FIG. 2 is a high-level diagram illustrating oscillators included in a substrate of the thermodynamic chip and mapping of the oscillators to logical neurons of the thermodynamic chip, according to some embodiments.
In some embodiments, a substrate 202 may be included in a thermodynamic chip, such as thermodynamic chip 102. Oscillators 204 of substrate 202 may be mapped in a logical representation 252 to neurons 254. In some embodiments, oscillators 204 may include oscillators with potential ranging from a single well potential to a dual-well potential and may be mapped to visible neurons and non-visible (e.g., hidden) neurons.
In some embodiments, Josephson junctions and/or superconducting quantum interference devices (SQUIDS) may be used to implement and/or excite/control the oscillators 204. In some embodiments, the oscillators 204 may be implemented using superconducting flux elements. In some embodiments, the superconducting flux elements may physically be instantiated using a superconducting circuit built out of coupled nodes comprising capacitive, inductive, and Josephson junction elements, connected in series or parallel, such as shown in FIG. 2 for oscillator 204. However, in some embodiments, generally speaking various non-linear flux loops may be used to implement the oscillators 204, such as those having single-well potential, double-well potential, or various other potentials, such as a potential somewhere between a single-well potential and a double-well potential.
In some embodiments, non-visible neurons are not sampled. This may allow the thermodynamic chip to be configured with fewer control lines for the oscillators that are mapped to the non-visible neurons than are used for the oscillators that are mapped to the visible neurons. This may allow for scaling a thermodynamic chip to include more oscillators than would be otherwise possible if a same number of control lines were used for all oscillators.
FIG. 3 is a high-level diagram illustrating logical relationships between neurons of the thermodynamic chip that are physically implemented via magnetic flux couplings between oscillators of the substrate of the thermodynamic chip, according to some embodiments.
In some embodiments, classical computing device 106 may learn relationships between respective ones of the neurons such as relationship A (352), relationship B (354), and relationship C (356).
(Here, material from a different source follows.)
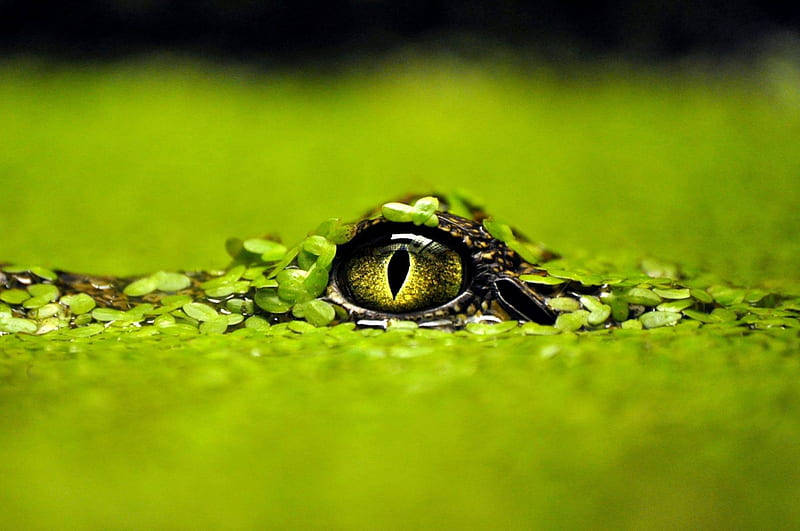 Caiman, golden eye, vibrant green water lilies, SD Desktop Wallpaper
These relationships may be physically implemented in substrate 202 via couplings between oscillators 204, such as couplings 302, 304, and 306 that physically implement respective relationships 352, 354, and 356.
FIG. 4 is a high-level diagram illustrating a pulse drive that excites oscillators and/or implements couplings between the oscillators, according to some embodiments.
In some embodiments, a drive 402 may cause pulses 404 to be emitted to implement couplings 302, 304, and 306. Also in some embodiments, drive 402 may control a SQUID that is used to emit flux via flux lines. In some embodiments, DC signals could be used in addition to or instead of pulses 404 to implement couplings 302, 304, and 306. In general, time dependent signals may be used to control the oscillators and couplings between oscillators, wherein the time dependent signals may be implemented using various techniques.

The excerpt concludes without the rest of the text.